The annotation of QDR78_11175 carried out with PROKKA 1.11. by Das et al. 2018 (GenBank ID RFZ58776.1) suggests that this glycosyltransferase gene has a BcsA domain common in cellulose synthases, and is similar to epsH of Bacillus subtilis, where it acts as a crucial component in the β-(1 → 6)–linked poly-N-acetyl-D -glucosamine (PNAG) synthesis machinery affecting biofilm formation30. Both cellulose3,10 and PNAG32 have been detected in mycobacterial cultures, with cellulose specifically found in biofilms. Yet, the respective synthesis/secretion machineries of these polysaccharides remain uncharacterized in mycobacteria. In this study, we did not see a major difference in Congo red staining commonly used for visual detection of cellulose when the wild-type bacterial pellets were compared with ΔepsH pellets. This result suggested that the deletion of EpsH did not substantially decrease cellulose production. Based on the existing annotation GenBank ID RFZ58776.1 and the notion that mycobacteria contain PNAG32 it is likely that instead of cellulose, the EpsH may be involved in the PNAG synthesis of mycobacteria. Our result showing the lower opacity of the EpsH bacteria on agar also suggests that the ECM composition is altered in this strain in this strain. Mushtaq et al. 2024 reported A. baumannii variants with lower opacity contained less N-acetylglucosamine28. Looking at the PNAG staining in the work of Cywes-Bentley, it seems to be colocalized with the highest intensity DNA staining. This colocalization also suggests a possible interaction between PNAG and DNA in mycobacteria. The positive charge of PNAG33 would make it an amenable interaction partner of the negatively charged DNA. Based on the existing literature, we can speculate that the mycobacterial EpsH may be involved in PNAG synthesis and that PNAG and eDNA may also be linked in mycobacterial biofilms. Further investigation is needed to determine the precise mechanism by which epsH regulates ECM formation.

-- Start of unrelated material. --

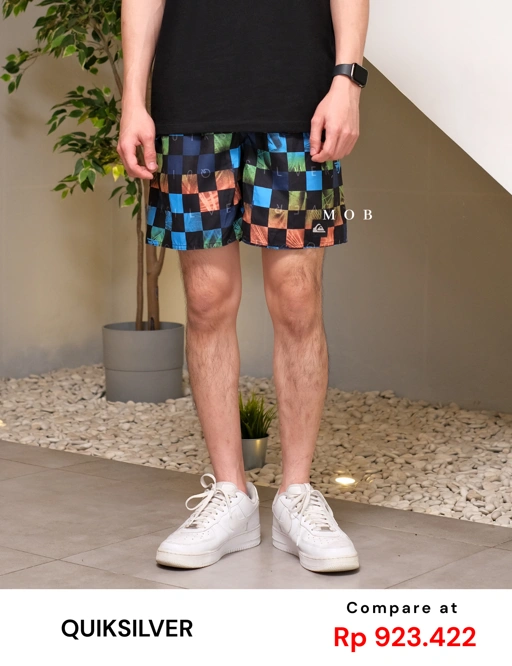 Image of QSBS02001 Volley Shorts Black Orange Plaid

Looking into the literature of similar cases, we found that deleting a putative glycosyltransferase SMU_833 in Streptococcus mutans has decreased glucan and increased eDNA in biofilm34. In Pseudomonas aeruginosa, deleting a gene required for producing an exopolysaccharide alginate in biofilms also led to the increased release of eDNA into the ECM35. Hence, there are other examples where the increased release of eDNA and extracellular proteins compensates for the lack of an exopolysaccharide. It remains unclear whether the elevated eDNA levels in the ΔepsH mutant are due to increased cell lysis or active secretion since eDNA secretion can occur through various mechanisms. The most common mechanism is secretion through induced cell lysis under stressful conditions12,16,27,36. Still, a constant live/dead ratio of bacterial cells during eDNA accumulation indicates that eDNA can be actively delivered from living bacteria cells14. For P. aeruginosa, eDNA is released through cell death both through cell lysis and secretion of eDNA inside outer membrane vesicles37. In mycobacteria, Rose et al. (2016) have identified carbonic anhydrases among other proteins as active eDNA export regulators in Mycobacterium avium biofilms38. On the other hand, the sequence similarity of eDNA to genomic DNA in M. tuberculosis and M. intracellulare, but specifically not in M. avium, indicates the origin of cell lysis in the first two species but possibly active transport in M. avium16. A transposon screen carried out in M. avium identified several mutants deficient in eDNA suggesting that this mycobacterial species possesses regulated mechanisms to release eDNA38. Taken together, the mechanisms of eDNA secretion may vary between mycobacterial species and have not been studied in M. marinum. In this study, most identified mutants had more eDNA than the wild type, and we were unable to reliably identify mutants with significantly less eDNA. However, as our screen was not saturated, we cannot make solid conclusions regarding the presence or absence of regulated eDNA release mechanisms in M. marinum biofilms. From our study on EpsH in M. marinum, we learned that the release of eDNA can be substantially increased by the deletion of a putative glycosyltransferase EpsH—a phenomenon also exemplified in other biofilm-forming species34,35.

Interestingly, the EpsH-deletion strain exhibited normal growth rate in planktonic cultures but significantly increased growth rate in the biofilm culturing conditions compared to WT or the complemented strain. It seems as if the product of the epsH gene in the wild-type context would act as a regulatory break to slow down bacterial growth in the biofilm-inducing conditions, whereas in its absence, the bacteria keep dividing at a fast pace, similar to that of planktonic bacteria. It can also simply be that there is a high fitness cost for the action of the EpsH in the biofilm conditions, when it allegedly becomes important in carrying out glycosylation of its targets. In future studies on this protein, it would be interesting to identify the exact targets of this protein in mycobacteria, to elucidate the mechanism in more detail.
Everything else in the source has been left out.